WPC-Commissioned Study Finds Qi Wireless Charging More Efficient Than Rezence

A new study conducted by Colorado State University (CSU) and commissioned by the Wireless Power Consortium (WPC), which is behind the Qi standard for wireless power, showed that Qi's inductive charging is more efficient in terms of energy use than the competing standard, Rezence.

Rezence, a wireless power standard that uses resonance charging, can cover a wider area for charging devices, such as an entire table surface. Qi, on the other hand, can only charge a device in a fixed location. The Rezence standard is now being developed by the Alliance For Wireless Power (A4WP). The consortium recently merged with the Power Matters Alliance, the creators of Powermat, to better compete against the fast-growing Qi standard.

The battle between WPC's Qi standard for inductive charging and A4WP's Rezence for resonant charging hasn't yet been settled. In fact, some companies have even started using them together rather than picking between them. Right now, at least, the two standards are also more complementary rather than directly competitive, so it makes some sense to use them together, unless the licensing costs are prohibitive for most manufacturers.

The A4WP called Rezence the next generation of wireless power because it can charge devices that are within a short distance. However, Qi has at least one significant advantage compared to Rezence, and that's efficiency in power usage.

Colorado State University tried to find a more standardized way to measure efficiency for both Qi and Rezence wireless charging systems that isn't biased towards either one of them. Therefore, it came to the conclusion that the efficiency should be calculated as follows: "DC power into the battery divided by DC power into the transmitter with a 5W battery load (4.2V at 1.2A)."

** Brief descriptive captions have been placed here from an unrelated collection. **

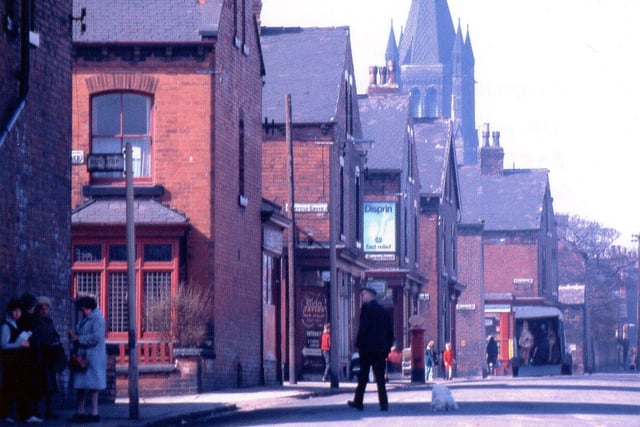 A view along Hall Lane with the junction with Mitford Terrace to the left. Moving along Hall Lane the other streets are Simpson Grove, Simpson Street, Gledhow Street, Fearnley Street and Fitz Arthur Street where the butcher's delivery van is parked. Pictured in April 1969.
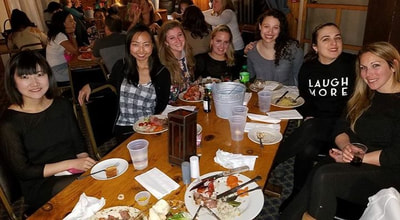 Group of friends eating dinner on their ski resort vacation to escape NYC. 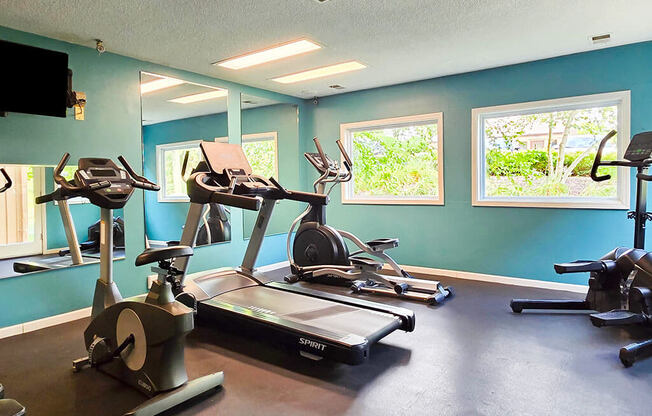 a gym with various exercise equipment and windows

The University believed that this would be the optimal way to measure efficiency because it reflects the power needs of a smartphone, which is currently the typical use case for wireless charging.

In the test, CSU researchers tested a commonly-used A11 transmitter coil for Qi charging. For Rezence, it tested a system from Efficient Power Conversion (EPC), which uses Gallium-Nitride output switches, a zero-voltage switching (ZVS) output topology and the NuCurrent antenna set compliant to the A4WP class-3 spec -- all of these giving maximum efficiency as far as a Rezence system goes, according to the WPC.

The test results showed that in most cases where the transmitter and receiver are in close proximity, such as having charging pads on which to rest your smartphone, Qi charging is optimal as it provides the highest efficiency (and therefore the fastest charging time).

Rezence can lose more than 800mW of power due to its high-operating frequency. However, the WPC also said that it may be appropriate sometimes to sacrifice some energy efficiency to reach a greater distance. That's why some of the Qi backers are also backing Rezence.

Although smartphones may not necessarily need Rezence charging, it could be significantly more convenient, for instance, to charge electric cars this way in the future. All parking spots could be powered by Rezence, or perhaps an even longer-distance wireless charging technology, and the cars would just need to park and be charged at the same time. 

We should also note that a study commissioned by one group that proves their superiority in any way to a competitor is to be taken with a grain of salt.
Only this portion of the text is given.